As discussed fully in Section II.A.3.(b) (Balance of Hardships), the operational changes that, of necessity, will be made in the event of divestiture will no doubt be troublesome to achieve, will entail significant expense, and will have some detrimental collateral consequences. However, the making of the changes necessary to restore competition is not such prejudice as will call into operation the equitable defense of laches into play.
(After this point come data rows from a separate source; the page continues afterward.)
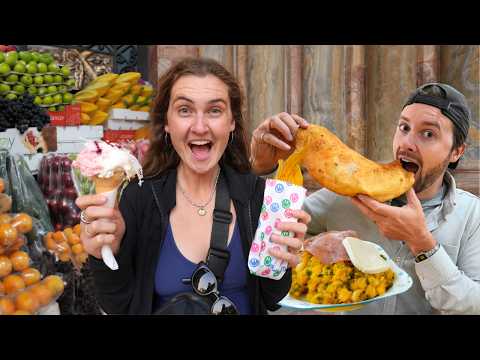 Видео: Лучший гастрономический тур в Куэнке, Эквадор | Уличная еда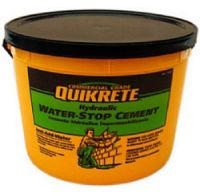 Cement Hydraulic Water Stop 10 lb.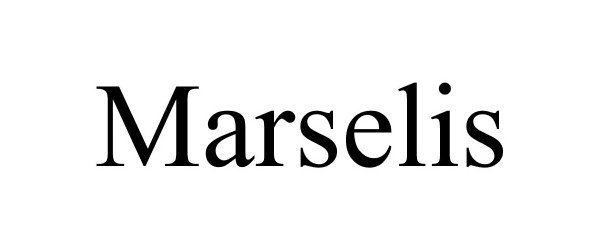 Trademark Logo MARSELIS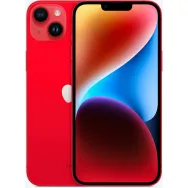 Smartfon Apple iPhone 14 Plus MQ573PX/A, A15 Bionic, 6,7" 2778x1284, 256GB, 6GB, 5G, Czerwony, 12+12Mpix, iOS, 1 rok Carry-in | 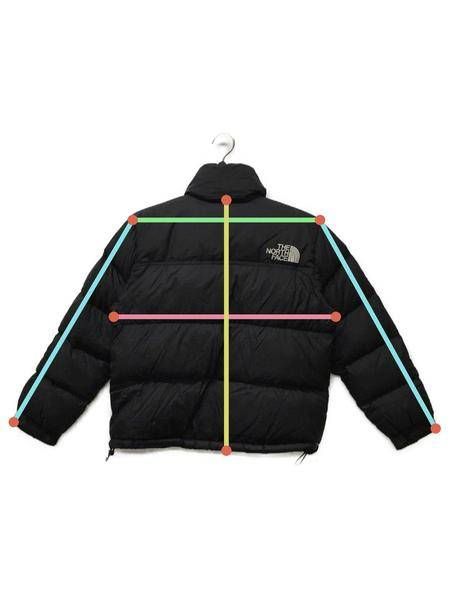 【中古・古着通販】THE NORTH FACE (ザ ノース フェイス) ヌプシ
JELD-WEN's position on laches is founded principally on the decisions in Antoine L. Garabet M.D., LLC v. Antomonous Techy. Corp., 116 F.Supp.2d 1159 (C.D. Ca. 2000) and Taleff v. Southwest Airlines Co., 828 F.Supp.2d 1118 (N.D. Ca. 2011). In both cases, the plaintiffs sued under Section 7 of the Clayton Act, alleging that the merger itself would substantially lessen competition. In both cases, the plaintiffs were aware of the proposed merger and the threat to competition for several months before the merger. In Garabet, the plaintiffs filed suit after the merger (one day in Taleff, the same day in Garabet ). In Garabet, the court held that the plaintiffs lacked anitrust standing for each antitrust injury and the court sustained a defense of laches. Garabet, 116 F.Supp.2d at 1165-71. In Taleff, the court did not actually decide the applicability of laches, but it held that the delay in filing suit until after the merger tipped the balance of hardship against the plaintiffs. 828 F.Supp.2d at 1123-24.
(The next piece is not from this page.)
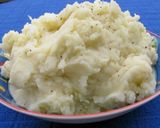 Potato smilies रेसिपी चरण 1 फोटो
Neither Garabet nor Taleff apply here because the facts of this case are different. Here, unlike Gabaret and Taleff, there was no reason for the plaintiff to apprehend a lessening of competition before or at the time of the merger. To the contrary, JELD-WEN's strategy was intended to give Steves comfort. And, as explained above, the conduct causing antitrust injury occurred well after the merger.
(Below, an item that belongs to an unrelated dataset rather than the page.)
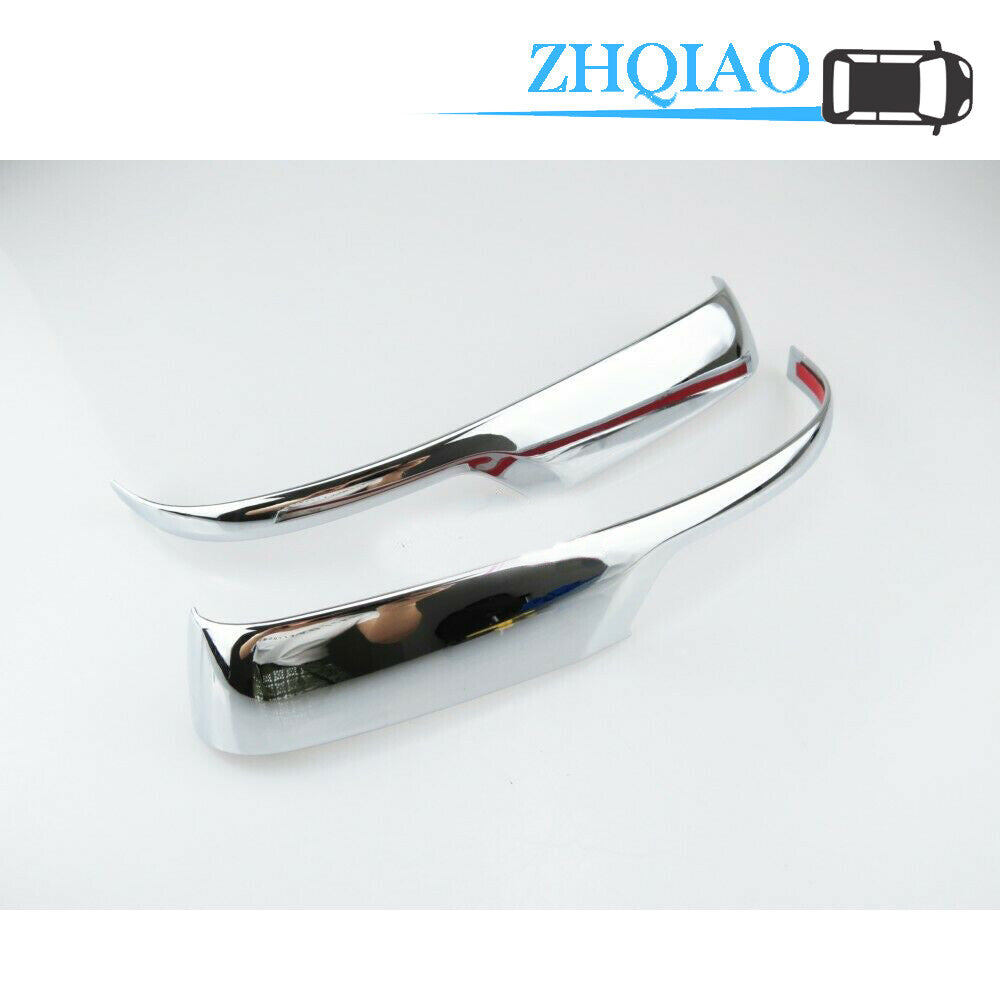 ABS Rear View Mirror Trim Car Fit for Toyota for Land Cruiser 150 Prado FJ150 2016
Accepting JELD-WEN's theory would mean that where, as here, the lessening of competition occurs after the merger, a party thereby injured simply could never seek equitable redress to restore competition. For the reasons previously explained, the rules of antitrust injury and antitrust standing as well as the fundamental principles of equity foreclose such a result.
CONCLUSION
For the reasons, and to the extent, set forth above, PLAINTIFF STEVES AND SONS, INC.'S MOTION FOR EQUITABLE RELIEF (ECF No. 1191) will be granted in part and denied in part. The motion will be granted to require that JELD-WEN divest itself of the Towanda facility and, to the extent set out in Section II.B, to grant the conduct remedies necessary to the success of the divested entity as a manufacturer of interior molded doorskins. The motion will be denied as to the requested conduct remedies not necessary to that purpose.
To assure, to the extent reasonably possible, that JELD-WEN receives a fair price for Towanda, and to assure that divestiture produces a competitive entity that is likely to restore competition, the process specified by the Supreme Court in Brown Shoe, will be followed so as to assure that the divestiture is conducted in a realistic setting that is conducive to attracting qualified buyers who will pay a fair price for Towanda. To assure the success of that process, a Special Master will be appointed.